Sabato scorso non sapevo dove confinare la tristezza, poi ci sono vecchi amici da festeggiare e mica ti puoi nascondere sotto il tavolo. Molto meglio impossessarsi di improbabili occhiali da sole anni cinquanta e mettersi un foulard intorno alla testa. Tanto una decapottabile non ce l’ha nessuno e quindi mi lasceranno qui tranquilla con la tristezza nascosta. Poi però abbiamo anche riso, a volte gli amici degli amici sono irresistibilmente simpatici, e abbiamo conosciuto miss fragola! io e lui ce ne siamo subito invaghiti, così carina con le facce buffe e le guance da sbaciucchiare!
Comunque non è male l’idea di starsene sotto il tavolo, magari il prossimo carnevale faccio “il ragazzino disadattato”, quello che non parla con nessuno, esibisce qualche tic nervoso, poi se gli viene una crisi si rintana in un cantuccio come un animaletto.
Ma oggi no, oggi devi essere una brava ragazza responsabile che riesce a fare le cose da sola.
Quando sai di avere l’umore instabile devi stare attenta ad ogni mossa, anche la pausa-lavatrice può essere un momento cruciale.

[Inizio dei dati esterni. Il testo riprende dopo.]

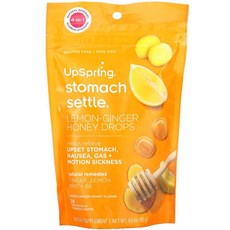 업스프링 UpSpring Stomach Settle Drops Lemon-Ginger Honey 28 Individually Wrapped 4.0 oz (112 g) US직배송, 상세페이지 내 표시사항 참고, 1팩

Sul pavimento diversi mucchietti divisi per categorie: blù, bianco, lana chiara, lana scura, azzurri… la scelta è fondamentale e dopo un primo momento di incertezza ecco l’illuminazione: il mucchietto *colori allegri*!

Non ci sono dubbi, è l’ideale. metti che più tardi il tuo buonumore avesse qualche cedimento, mica ti puoi trovare a dover stendere una noiosissima lavatrice bianca… sarebbe davvero un brutto colpo!
E dopo questa felice intuizione non mi sono potuta trattenere dall’immortalare alcuni dei momenti più intensi.





Le giornate ora sono lunghe e il buio non arriva mai…
ma allora se fuori c’è il sole cos’è tutto questo freddo che ho addosso?

E tu che torni dal mare e non mi porti neppure una conchiglia? o un legnetto, una fogliolina…


quando ho visto le foto, ho pensato che fosse un tutorial sull’uso della lavatrice… la lavatrice è un po’ un simbolo di questi ultimi tempi. un mezzo che è anche un fine. forse è ciò che sono le donne per me, in fondo. detto così però pare un po’ brutto, ma forse neanche tanto. è bello avere i vestiti puliti, e sentire il profumo dell’ammorbidente addosso. non è lo stesso che usava mia madre, e mi sembra il profumo di una persona in carne e ossa.